Adjusting her footing while setting up her tee shot at the 297-yard 15th hole, an English tourist was startled to notice a large red drop of what appeared to be blood on the left shoulder of her white golf shirt. Before she could say a word to her partners, another drop splattered on her shoulder, then another. Alarmed, she rocked her head backward and looked straight up. There, halfway up the 50-foot African wattle tree that shaded her like a giant mushroom, was an eight-foot-long leopard eating an impala. It was lunchtime at South Africa’s Hans Merensky Estate.

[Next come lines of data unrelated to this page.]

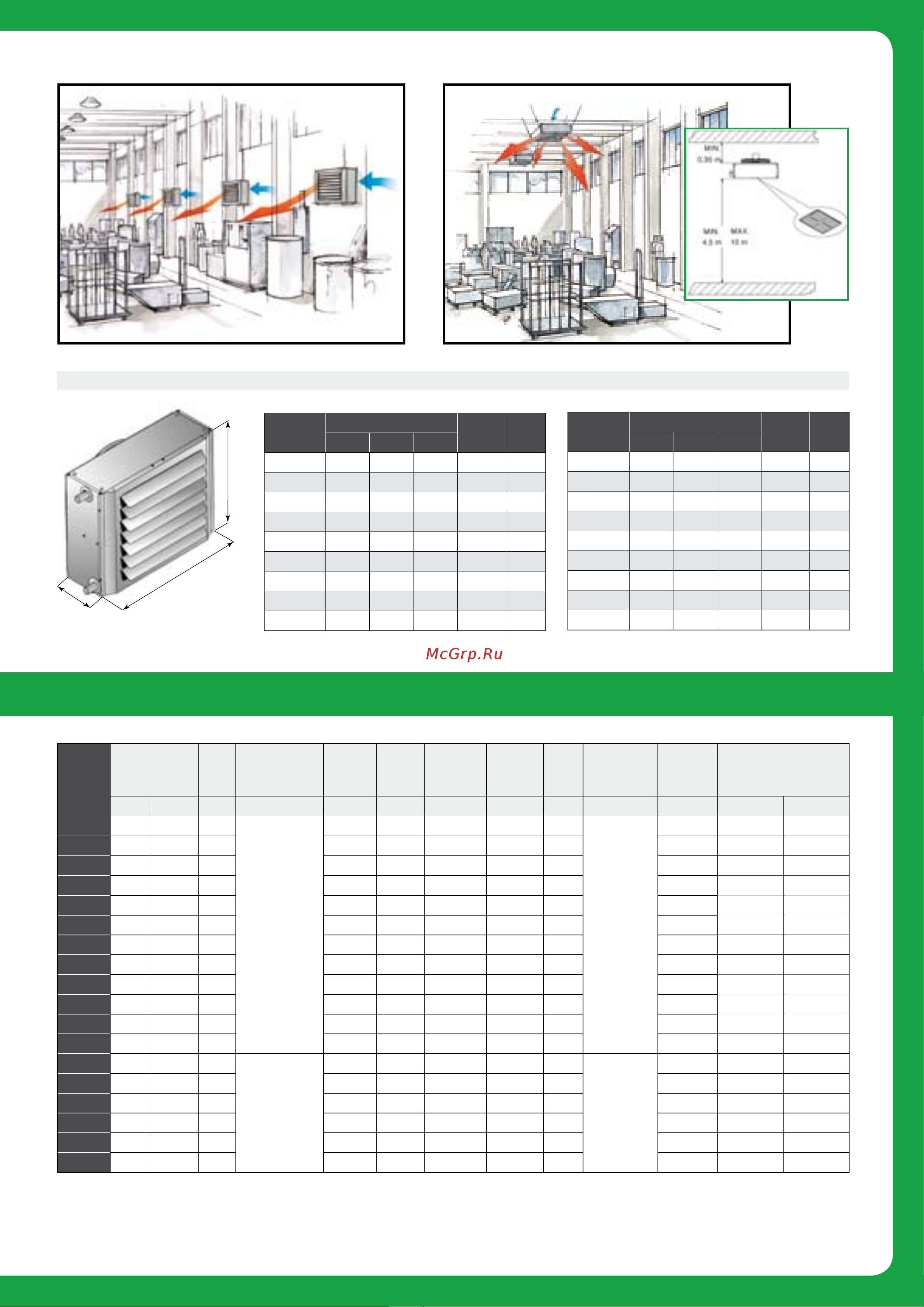 Tecnoclima TCO 45 E/K [91/116] Габариты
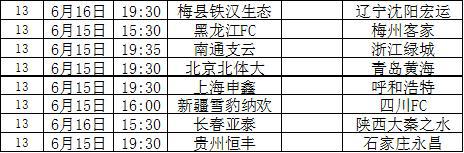 绿城迎新征程攻克兵马，全取排名积分榜前列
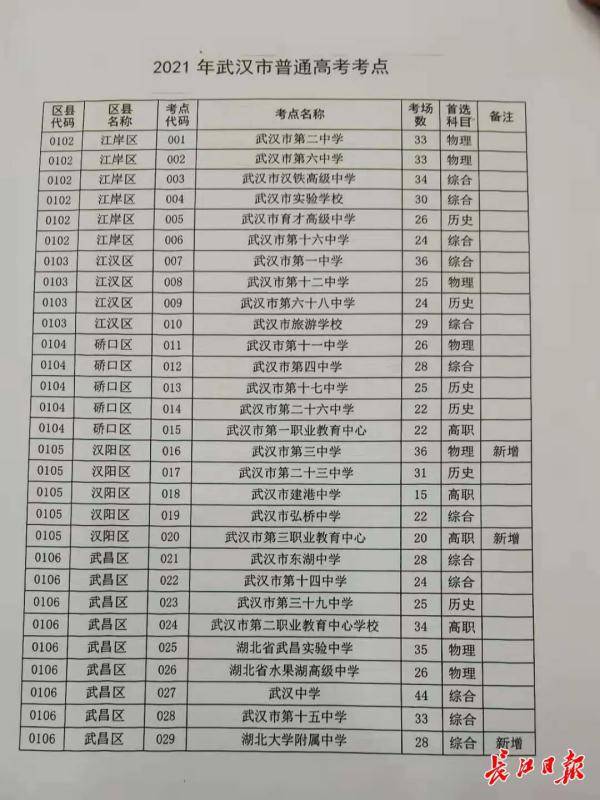 三甲村民委员会最新发展规划概览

The incident took place six years ago, or so I learned this past summer from the club’s head pro as I stood over the tee at Leopard Kill—the hole’s official name now. The course also includes Hippo Hollow, the par-3, 189-yard 17th, where bellowing hippopotamuses offered new meaning to the term water hazard. Crocodile eyes poked out of the waters that flank the eighth fairway, a giraffe snacked on tree leaves high above the 13th green, zebras kicked and butted each other on the 11th, and swarms of warthogs, springbok, wildebeests, and monkeys scampered here and there. While hunting for a ball that I had sliced into the bush (where course employees explicitly warn you not to venture), I spied a sleeping lion before hastily tiptoeing away.
No, we were not in Augusta anymore. Hans Merensky and three other South African courses lie adjacent to and within Kruger National Park, a game conservation reserve almost as large as New Jersey that runs the length of the northernmost border between South Africa and Mozambique. The wildlife, including Africa’s Big Five—elephants, leopards, lions, rhinoceroses, and buffalo—roam freely from the rest of the park onto the courses, which have limited or no fencing surrounding them.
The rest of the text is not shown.